20.5.09

Natural Language

I took a look at Wolfram|Alpha last night. It's a new "computational knowledge engine" developed by Stephen Wolfram, British child prodigy physicist, mathematician and now entrepeneur.

I must admit I was disappointed: it works well for limited purposes.

Here's a review by cnet's Rafe Needleman:



He got a sneek preview earlier this month, and his comments match well with what I found. I've had the site bookmarked for a while, checking it every now and then to see if it was live. So like many things, the idea was better than the reality.

The idea is nothing new.

The idea is that there's an amazing amount of information on the internet, and it would be wonderful if you could simply ask a question and get an answer! Search engines (for which Google has become the benchmark as well as the shorthand) just give a list of locations that may contain the information you want. Some do it visually and others try to organise sites thematically, but they basically all do the same thing. From the results, you have to find your answer and sometimes it's not easy.

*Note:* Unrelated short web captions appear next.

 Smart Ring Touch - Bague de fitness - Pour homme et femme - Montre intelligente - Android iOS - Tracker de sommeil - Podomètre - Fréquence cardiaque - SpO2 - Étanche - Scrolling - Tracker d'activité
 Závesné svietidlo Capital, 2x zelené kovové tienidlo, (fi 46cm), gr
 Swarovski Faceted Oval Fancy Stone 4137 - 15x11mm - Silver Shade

What wiki answers and other similar sites (such as yahoo!Xtra in New Zealand) try to do is link you to people who can answer your question. The answers are as fallible as the humans who provide them but the idea is that as time passes, a big enough database of answers accrues and you can start to sort the wheat from the chaff, helped by a friendly answer rating system. It's darwinian in its simplicity.

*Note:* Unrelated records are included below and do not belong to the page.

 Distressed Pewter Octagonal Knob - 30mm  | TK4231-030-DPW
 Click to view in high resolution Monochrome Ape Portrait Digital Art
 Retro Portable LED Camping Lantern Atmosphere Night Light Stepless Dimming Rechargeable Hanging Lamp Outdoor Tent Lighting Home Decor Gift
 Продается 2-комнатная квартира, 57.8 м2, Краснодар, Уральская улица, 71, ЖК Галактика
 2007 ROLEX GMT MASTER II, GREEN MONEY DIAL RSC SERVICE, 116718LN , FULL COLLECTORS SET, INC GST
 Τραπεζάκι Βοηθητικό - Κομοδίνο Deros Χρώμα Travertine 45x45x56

But if your question has a factual answer (some do!) surely there's a way of getting a straight answer without the need for a social network. Well, it's not as simple as you might think! Language is complex and this requires the computer to understand your question, not just dredge up locations which contain your phrase. (Read this wikipedia article on natural language processing for a quick overview of some of the difficulties involved.) START, a "natural language question answering system" set up by a crew at MIT, has been online since 1993. START's aim is "to supply users with 'just the right information' instead of merely providing a list of hits." You can ask questions like "What is the population of France?" and it will give a single answer, along with a source. The trouble is Google does pretty much the same thing, and you get to choose your source.

Wolfram|Alpha is in a different league. Take a look at Stephen Wolfram's video intro on the site and have a play around! Nova Spivack took a trial version through its paces a while ago and made extensive comments on it if you're interested in reading those. (He has a site/product called twine, which is one of these web 2.0 things designed to make the web more user-friendly by linking you to new content, based on what your interests are.) Wolfram|Alpha can compare data sets and, in that sense, it can provide answers to questions that have never been asked before.

The impression I'm left with, though, is that there's too strong a human hand in Wolfram|Alpha. The data is curated and, therefore, limited. Instead of taking you straight to the internet, it takes you to a database built up from selected information that's available online (and possibly some that's not available online). The curators will be chasing their tails trying to keep up with everything that users could possibly want to find out about. And the curators' biases inevitably come out strongly. Perhaps I would find it better if I were more mathematically inclined, for example.

Surely, the point is that the internet is a big, free-for-all, self-regulating entity and that's precisely its strength. No one can collate or organise the internet, let alone the sum of human knowledge.